**Exercise requirements**
Every line that includes the word "Gold" needs to be copied from the listing.

**Material provided**
-*-

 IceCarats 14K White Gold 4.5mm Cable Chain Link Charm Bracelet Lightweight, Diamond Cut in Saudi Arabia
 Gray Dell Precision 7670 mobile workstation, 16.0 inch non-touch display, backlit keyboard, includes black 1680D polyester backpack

-*-

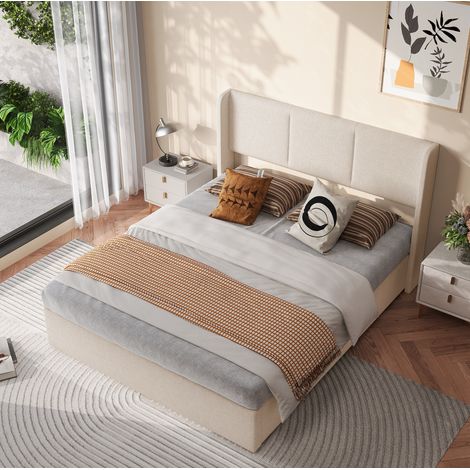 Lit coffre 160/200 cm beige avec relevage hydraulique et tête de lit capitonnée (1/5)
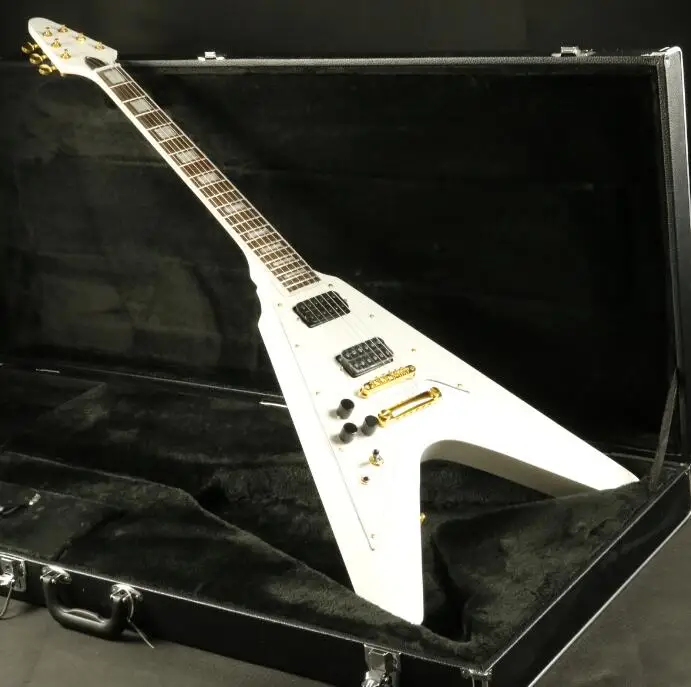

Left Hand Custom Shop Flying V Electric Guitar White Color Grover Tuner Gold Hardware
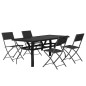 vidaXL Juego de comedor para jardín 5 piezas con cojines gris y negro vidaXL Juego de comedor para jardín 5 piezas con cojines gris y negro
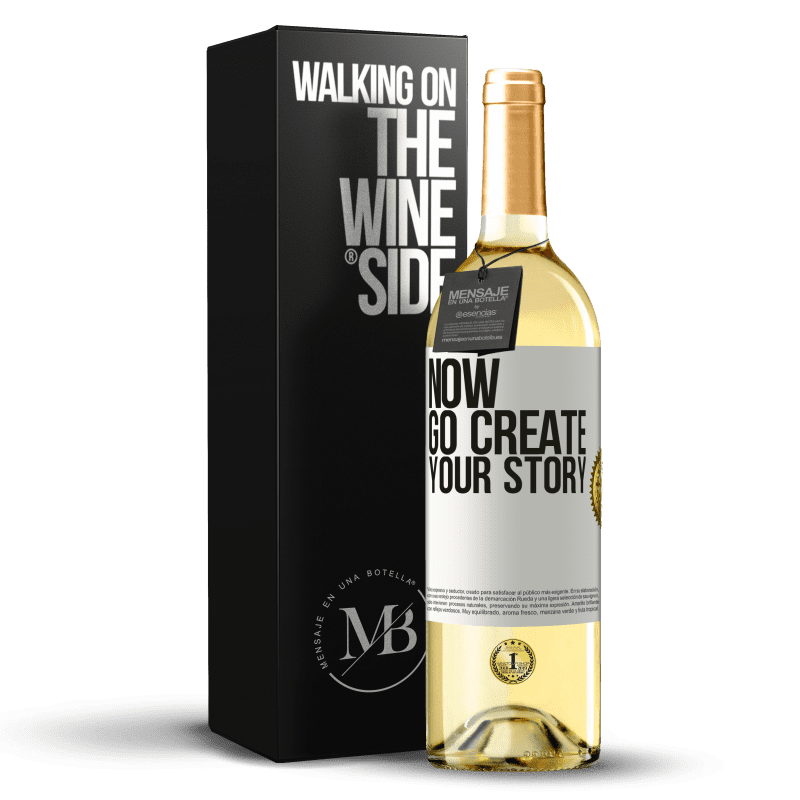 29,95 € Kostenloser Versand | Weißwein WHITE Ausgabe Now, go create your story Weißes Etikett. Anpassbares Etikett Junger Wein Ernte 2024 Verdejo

-*-

**Task result**
 IceCarats 14K White Gold 4.5mm Cable Chain Link Charm Bracelet Lightweight, Diamond Cut in Saudi Arabia
Left Hand Custom Shop Flying V Electric Guitar White Color Grover Tuner Gold Hardware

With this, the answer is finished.